- Born: 29 December 1985 (age 40) Johannesburg, South Africa
- Modeling information
- Height: 5 ft 9 in (1.75 m)
- Hair color: Brown
- Eye color: Blue
- Agency: Union Models, Outlaws Management, PMA Models, Fashion Models, Metropolitan Models, Wilhelmina Models, Unique Models
- Website: http://lauren-mellor.com/

= Lauren Mellor =

South African model

Lauren Mellor (born 29 December 1985) is a South African fashion model best known for appearing in the South African and American Sports Illustrated Swimsuit Editions.

== Career==
Mellor first signed with Star Model Management in Johannesburg, Storm Model Management in London, England, Outlaws Models in Cape Town, South Africa, and Modelwerk in Hamburg, Germany. Her first known work was the cover of Top Billing Magazine in April 2005. In 2007, Mellor landed a John Lewis campaign which caught the attention of several media outlets when the brand proclaimed they would only use healthy sized models. That same year, she appeared on the cover of FHM in South Africa and Essentials Magazine. Despite the initial success, Mellor focused on her studies and graduated from the University of Cape Town with a degree in psychology. After graduation, Mellor moved to Germany and signed to Union Models, PMA Models in Hamburg, and AMT Models in Vienna.

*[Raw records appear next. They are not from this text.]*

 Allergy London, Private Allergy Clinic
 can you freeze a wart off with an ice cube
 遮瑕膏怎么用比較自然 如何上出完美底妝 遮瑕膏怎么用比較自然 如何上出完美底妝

In 2008, Mellor landed two international campaigns for Freya Swimwear and Agent Provocateur. In 2009, she appeared in a campaigns for Renault Grand Scenic and Storm in a D Cup as well as the cover of Healthy Magazine. In 2010, Mellor appeared on the October cover of Mother & baby, Stuff Magazine UK in August, and You & Your Wedding. She also shot the Spring/Summer 2010 Expresso campaign in South Africa. Prior to 2011, her major clients included Samsung, Freya, Daniel Hechter Paris for Truworths, Agent Provocateur, Mr. Price, Soviet Jeans, Royal Secret Fragrance, She Magazine, Essentials Magazine, Marie Claire, Cosmopolitan, Top Billing Magazine, FHM Magazine, Mother & Baby, You & Your Wedding, and Healthy Magazine.

After living in Germany, Mellor moved to London where she quickly became a regular on the British e-commerce circuit appearing on clothing websites such as Debenhams, Figleaves.com, Next.co.uk, Littlewoods, Very.co.uk, and Marks & Spencer. In 2011, she posed for the covers Essentials Magazine, Stuff Magazine twice, Mother & Baby Magazine, and Für Sie Magazine as well as appeared in editorials for Top Billing Magazine, She Magazine, Woman Magazine and Lingerie Buyer. Mellor also landed campaigns with La Senza lingerie, The Body Shop, Gin & Tonic, and Rage.

In 2012, Mellor continued working for online retailers such as Debenhams, Figleaves.com, and Marks & Spencers. She also did catalog work for JD Williams of London and K&Co. By March 2012, she signed with Joy Models in Milan. By May 2012, Mellor began doing more editorial and fashion work that was not lingerie inspired including several editorials for Woman Magazine, More Magazine, and Grazia Magazine UK. In July 2012, she signed with Metropolitan Models in Paris. Mellor also started landing more fashion orientated campaigns including the Fall/Winter 2012 Dranella Lookbook, the Spring/Summer 2013 Yumi Lookbook, and the Spring/Summer 2013 Peppercorn Lookbook. In November 2012, Mellor appeared in the South African Sports Illustrated Swimsuit edition. Following that success, she quickly signed with Wilhelmina Models in Los Angeles. Her first job in the United States was catalog work for Wacoal USA. That same year, Mellor landed a campaign for Rosafia by Anita and switched to Fashion Model Management in Milan and Unique Models in Copenhagen.

In January 2013, Mellor signed with Francina Models in Barcelona as well as Wilhelmina Models in New York and Miami. In Spring of 2013, Mellor moved to New York to pursue her modeling career in the United States. During which time, she went on a casting for Sports Illustrated. In 2013, she landed campaigns with the Dranella, Peppercorn, Undone Lingerie, Hunters, Triumph, Bloomingdales, BareNecessities, Littlewoods, Oriflame, Avon, Schwarzkopf, Halens, The Body Shop, Azure, and Freya Lingerie. She also appeared on her first American magazine cover for Long Island Pulse Magazine in July. In December 2013, it was announced that Mellor would appear in the January 2014 edition of Stuff Magazine France. On 7 February 2014, Sports Illustrated announced that Lauren Mellor, although an alum, would be featured as rookie in the magazine.